Dengan bahasa yang lebih mudah, tarekat adalah sebuah kendaraan baik berupa bis, kapal laut atau pesawat terbang yang disopiri oleh seseorang yang telah punya izin mengemudi dan berpengalaman untuk membawa kendaraannya dengan beberapa penumpang di dalamnya untuk mencapai tujuan.
Tasawuf dapat dipraktekkan dalam setiap keadaaan di mana manusia menemukan dirinya, dalam kehidupan tradisional maupun modern.
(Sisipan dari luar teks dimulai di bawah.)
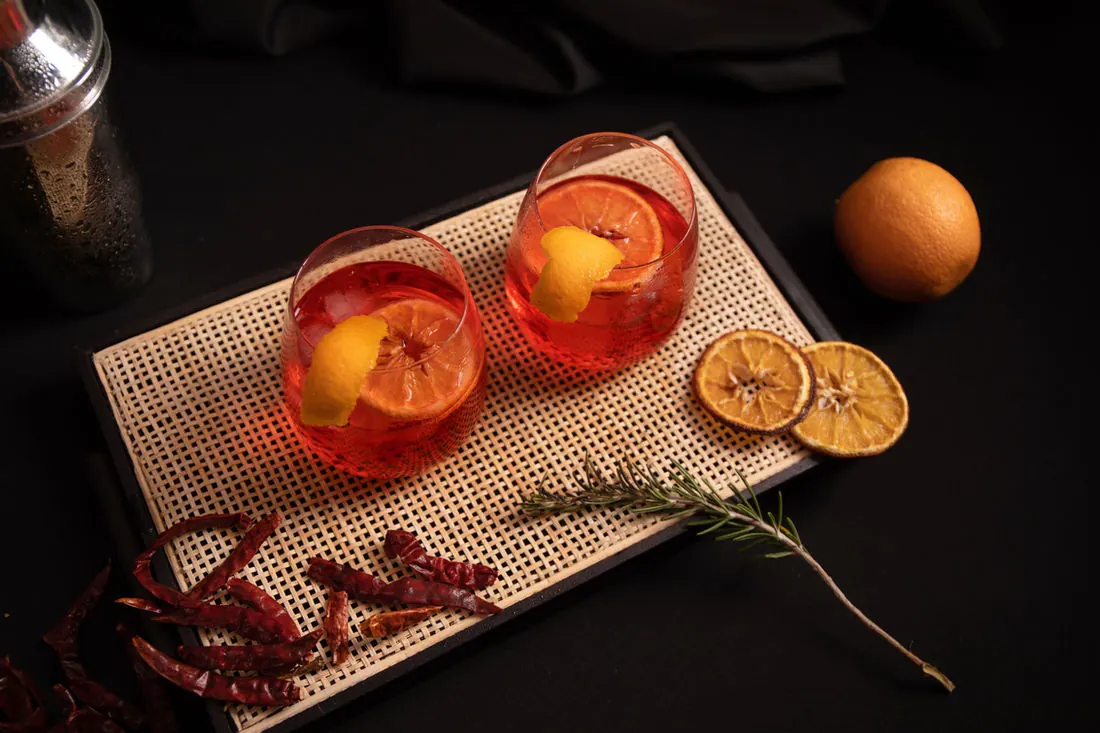 Two spritz cocktails on a rattan tray finished with dehydrated orange wheels, a fresh orange and rosemary beside them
Tarekat adalah salah satu wujud nyata dari tasawuf. Ia lebih bercorak tuntunan hidup praktis sehari-hari daripada corak konseptual yang filosofis. Jika salah satu tujuan tasawuf adalah al-Wushul ila Allah SWT (sampai kepada Allah) dalam arti ma’rifat, maka tarekat adalah metode, cara atau jalan yang perlu ditempuh untuk mencapai tujuan tasawuf tersebut. [31]
Tarekat berarti jalan seorang salik (pengikut tarekat) menuju Tuhan dengan cara menyucikan diri, atau perjalanan yana ditempuh oleh seseorang untuk mendekatkan diri sedekat mungkin kepada Tuhan. Orang yang bertarekat harus dibimbing oleh guru yang disebut mursyid (pembimbing) atau Syaikh. Syaikh atau mursyid inilah yang bertanggung jawab terhadap murid-muridnya dalam kehidupan lahiriah serta rohaniah dan pergaulan sehari-hari. Bahkan ia menjadi perantara (washilah) antara murid dan Tuhan dalam beribadah. Karena itu, seorang Syaikh haruslah sempurna dalam ilmu syariat dan hakekat. Di samping itu, untuk (dapat) wenjadi guru, ustadz atau Syaikh diperlukan syarat-syarat tertentu yang mencerminkan sikap orang tua yang berpribadi akhlak karimah dan budi pekerti yang luhur.[32]